After fixing the system, or all of the systems, affected by the problem, go back and verify full functionality. For example, if the users couldn’t get to any network resources, check to make sure they can get to the Internet as well as internal resources.
Some solutions may actually cause another problem on the system. For example, if you update software or drivers, you may inadvertently cause another application to have problems. There’s obviously no way you can or should test all applications on a computer after applying a fix, but know that these types of problems can occur.
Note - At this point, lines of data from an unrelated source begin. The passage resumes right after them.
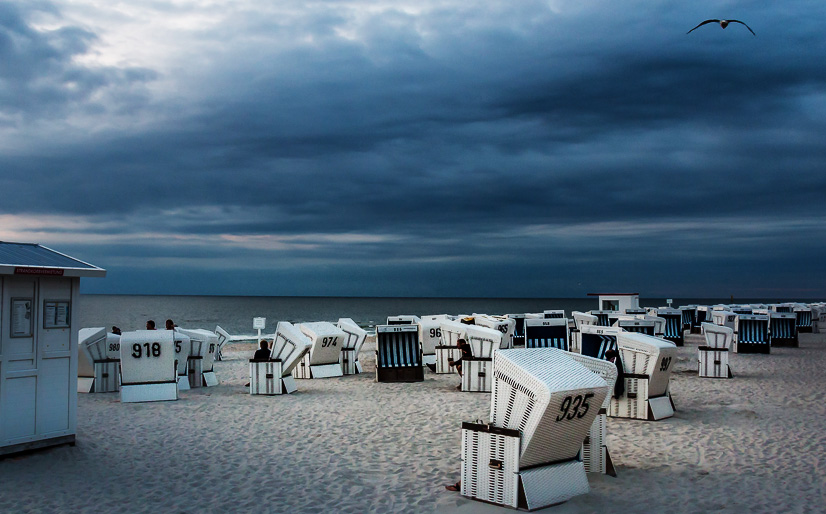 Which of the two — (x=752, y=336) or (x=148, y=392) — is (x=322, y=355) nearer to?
(x=148, y=392)

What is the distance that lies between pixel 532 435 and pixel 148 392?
897cm

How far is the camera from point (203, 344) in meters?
14.9

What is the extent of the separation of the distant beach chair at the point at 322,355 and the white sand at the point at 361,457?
3.45 metres

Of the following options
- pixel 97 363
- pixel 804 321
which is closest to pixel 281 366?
pixel 97 363

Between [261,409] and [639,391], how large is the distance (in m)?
6.74

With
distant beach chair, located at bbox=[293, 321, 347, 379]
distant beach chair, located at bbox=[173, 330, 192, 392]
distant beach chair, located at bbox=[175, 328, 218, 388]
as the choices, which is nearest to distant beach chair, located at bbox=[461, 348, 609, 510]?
distant beach chair, located at bbox=[173, 330, 192, 392]

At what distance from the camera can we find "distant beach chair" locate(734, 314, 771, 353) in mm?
22375

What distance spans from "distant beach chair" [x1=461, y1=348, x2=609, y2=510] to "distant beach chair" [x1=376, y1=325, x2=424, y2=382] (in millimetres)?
9136

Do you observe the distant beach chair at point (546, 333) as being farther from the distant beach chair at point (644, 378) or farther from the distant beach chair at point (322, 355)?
the distant beach chair at point (644, 378)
Just make sure that what you’ve fixed works and that there aren’t any obvious signs of something else not working all of a sudden.
Another important thing to do at this time is to implement preventive measures, if possible. If it was a user error, ensure that the user understands ways to accomplish the task that don’t cause the error. If a cable melted because it was too close to someone’s space heater under their desk, resolve the issue. If the computer overheated because there was an inch of dust clogging the fan…you get the idea.
Document the Work
Lots of people can fix problems. But can you remember what you did when you fixed a problem a month ago? Maybe. Can one of your co-workers remember something you did to fix the same problem on that machine a month ago? Unlikely. Always document your work so that you or someone else can learn from the experience. Good documentation of past troubleshooting can save hours of stress in the future. While documentation can take a few different forms, but the two most common are personal and system based.
It is highly recommended that technicians always carry a personal notebook and take notes. The type of notebook doesn’t matter—use whatever works best for you. The notebook can be a lifesaver, especially when you’re new to a job. Write down the problem, what you tried, and the solution. The next time you run across the same or a similar problem, you’ll have a better idea of what to try. Eventually you’ll find yourself less and less reliant on it, but it’s incredibly handy to have!
System-based documentation is useful to both you and your co-workers. Many facilities have server logs of one type or another, conveniently located close to the machine. If someone makes a fix or a change, it gets noted in the log. If there’s a problem, it’s noted in the log. It’s critical to have a log for a few reasons. One, if you weren’t there the first time it was fixed, you might not have an idea of what to try and it could take you a long time using trial and error. Two, if you begin to see a repeated pattern of problems, you can make a permanent intervention before the system completely dies.
There are many different forms of system-based documentation. Again, the type of log doesn’t matter as long as you use it! Often it’s a notebook or a binder next to the system or on a nearby shelf. If you have a rack, you can mount something on the side to hold a binder or notebook. For client computers, one way is to tape an index card to the top or side of the power supply (don’t cover any vents!) so if a tech has to go inside the case, they can see if anyone else has been in there to fix something too. In larger environments, there is often an electronic knowledge base or incident repository available for use; it is just as important to contribute to these systems as it is to use them to help diagnose problems.